Reporters can, however, use the information they've learned to question council members afterward.
Mayor John Morrison said the proposed rule against discussing such actions in public is "an advisory" found in the rules of many cities and is roundly agreed on by Ashland council members who "felt it is mild language that reflects a common practice that what's said there (in executive sessions) stays there."
Interim City Attorney Richard Appicello said state law does not prohibit public officials from talking about actions in executive sessions — and provides no penalties for journalists who reveal such actions — but errant officials can be subject to state laws against misuse of confidential information and official misconduct by public servants.
Keeping legal information confidential, said City Recorder Barbara Christensen, "is really important to protect the city from possible litigation and I honestly believe it's just a strong advisory. You can't stop people from speaking if they really want to. If they're going to talk, they're going to talk."
Editors of the Tidings and the Mail Tribune continue to oppose the rule, citing it as a step away from openness.

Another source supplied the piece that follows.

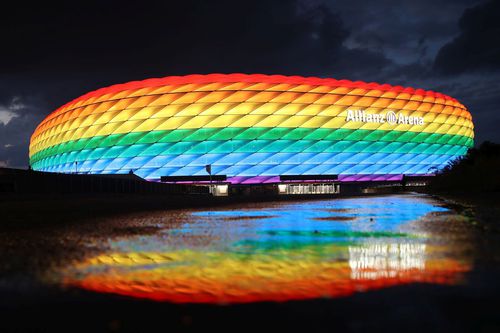 Allianz Arena, în culorile curcubeului // foto: Guliver/gettyimages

Tidings Editor Andrew Scot Bolsinger said the proposed rule is "one more way to codify the block to free expression" and the Tidings will consider legal action if it's passed.

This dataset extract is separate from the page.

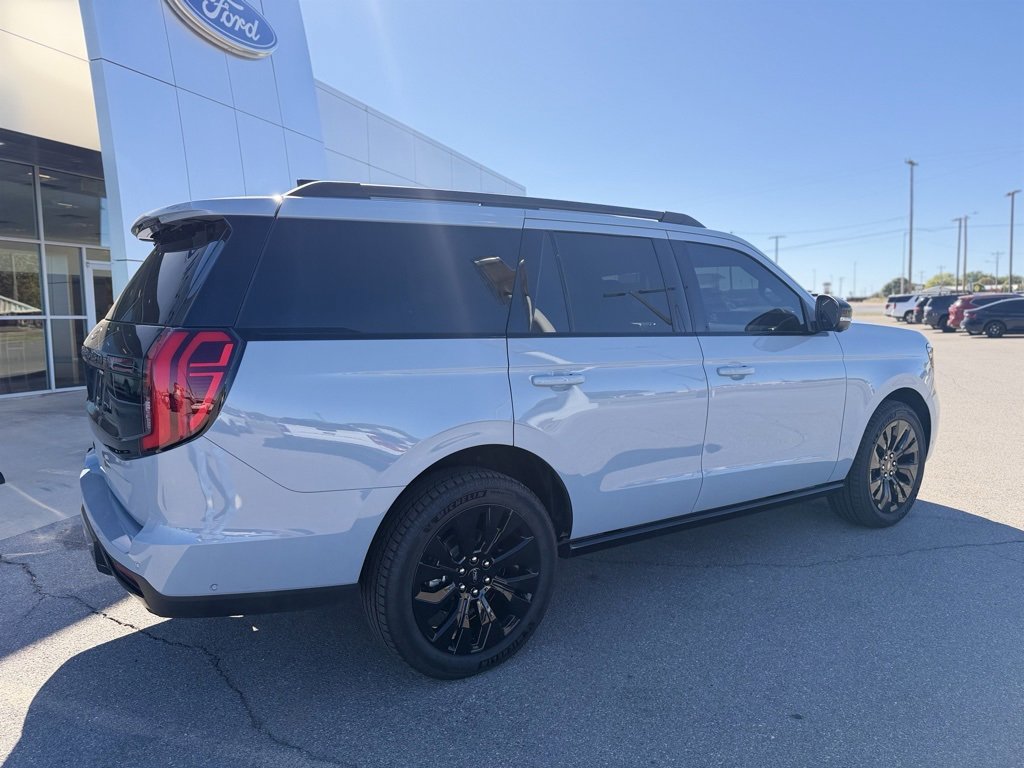 Used 2025 Ford Expedition Platinum w/ Stealth Appearance Package image 5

Mail Tribune Editor Bob Hunter said state law defines executive session rules at great length without prohibiting public officials from disclosing what went on in private, "yet the city of Ashland for some reason sees fit to add on this rule that the state didn't feel was necessary."
Hunter called the proposed rule "a little slip down that slope, not a huge slide," but it could offer protection to a future council that, for example, tries to discuss a new tax in executive session, then enforces a rule that stops one member who wants to tell the public about it.
"There are many very good reasons that executive session material shouldn't be divulged and in most cases we're fine with that," said Hunter. "This is not us picking on the city of Ashland; it's us trying to keep the business of the public in public view as much as possible."
Morrison believes the Mail Tribune and Daily Tidings "seem to have an ax to grind and they have a conflict of interest on the issue, though I understand they have a job to do. But it's not the job of the city of Ashland to do their job for them. I just don't agree with them."
Council veteran Kate Jackson said state law already defines and protects the content of executive sessions and "every elected official in the state knows you're allowed to say what the discussion topic is, but "¦ anything with legal implications shall not be discussed publicly by a public official "¦ until it's settled."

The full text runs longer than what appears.